Re: Sort hash keys in C...

Tim Bunce Thu, 15 May 2008 05:21:56 -0700

I'm sorry for the delay in responding Rudy.

On Wed, May 07, 2008 at 02:34:43AM -0400, Rudy Lippan wrote:
>>>> I think it would be better to keep appending to an sv rather than try to
>>>> pre-guess the size. That would avoid the need for the malloc/realloc/free.
>>> Well it would avoid my having to do it; Perl still does....
>>>
>>>> Probably slightly more expensive, but not by much if you pre-grow the sv.
>>
> Malloc/realloc:
>
>          Rate Perl    C
> Perl  40650/s   -- -80%
> C    204082/s 402%   --
>
> svcatpv():
>          Rate Perl    C
> Perl  40486/s   -- -71%
> C    139860/s 245%   --


That's a surprisingly small gain in both cases. A testament to how
fast perl itself is I guess. I've noted some potential speedups in my
comments below.

> I just(finally...) created a mirror of the svn repository, so if you don't 
> see anything that needs to be changed, I will do a little more testing and 
> work up a diff against trunk.

Great. I've a few random comments below...
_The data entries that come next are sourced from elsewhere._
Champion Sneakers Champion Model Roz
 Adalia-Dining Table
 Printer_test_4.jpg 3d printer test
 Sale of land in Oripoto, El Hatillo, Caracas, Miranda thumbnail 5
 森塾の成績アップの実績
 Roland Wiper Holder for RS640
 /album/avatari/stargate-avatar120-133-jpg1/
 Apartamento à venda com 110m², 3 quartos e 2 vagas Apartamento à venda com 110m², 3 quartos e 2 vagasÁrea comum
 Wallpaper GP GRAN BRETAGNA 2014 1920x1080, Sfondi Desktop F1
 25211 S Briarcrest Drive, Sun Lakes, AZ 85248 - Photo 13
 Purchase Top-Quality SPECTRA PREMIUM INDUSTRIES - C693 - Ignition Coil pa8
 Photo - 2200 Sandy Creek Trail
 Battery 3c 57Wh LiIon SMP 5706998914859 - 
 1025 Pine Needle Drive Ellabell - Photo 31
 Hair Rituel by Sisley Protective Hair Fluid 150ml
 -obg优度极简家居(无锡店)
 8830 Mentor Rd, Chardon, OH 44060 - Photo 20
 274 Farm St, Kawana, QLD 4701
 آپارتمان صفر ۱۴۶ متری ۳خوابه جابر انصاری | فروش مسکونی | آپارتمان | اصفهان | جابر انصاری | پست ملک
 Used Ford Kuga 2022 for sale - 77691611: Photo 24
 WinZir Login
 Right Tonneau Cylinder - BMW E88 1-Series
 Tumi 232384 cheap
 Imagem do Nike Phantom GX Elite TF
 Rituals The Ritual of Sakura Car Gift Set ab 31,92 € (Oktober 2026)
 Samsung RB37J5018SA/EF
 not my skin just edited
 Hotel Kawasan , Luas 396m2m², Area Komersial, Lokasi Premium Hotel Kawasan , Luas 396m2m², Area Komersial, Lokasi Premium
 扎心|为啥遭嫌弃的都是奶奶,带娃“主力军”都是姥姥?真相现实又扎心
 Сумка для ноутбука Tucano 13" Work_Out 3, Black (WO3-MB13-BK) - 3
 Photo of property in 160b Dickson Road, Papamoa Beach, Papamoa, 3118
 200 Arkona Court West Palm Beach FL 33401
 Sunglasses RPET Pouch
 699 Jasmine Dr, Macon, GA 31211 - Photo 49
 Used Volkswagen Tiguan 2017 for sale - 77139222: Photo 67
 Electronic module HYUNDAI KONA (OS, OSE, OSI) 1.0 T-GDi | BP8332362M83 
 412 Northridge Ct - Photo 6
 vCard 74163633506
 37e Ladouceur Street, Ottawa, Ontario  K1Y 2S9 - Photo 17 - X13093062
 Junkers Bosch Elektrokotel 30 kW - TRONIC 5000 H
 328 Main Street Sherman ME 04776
> use Scalar::Util qw(looks_like_number);
> sub _get_sorted_hash_keys {
>     my ($hash_ref, $sort_type) = @_;
>     my $sort_guess = 1;
>     $sort_guess =  1!=looks_like_number($_) ? 0:$sort_guess for keys 
> %$hash_ref;
>     $sort_type = $sort_guess unless (defined $sort_type);

You don't need to calculate $sort_guess unless $sort_type is undef.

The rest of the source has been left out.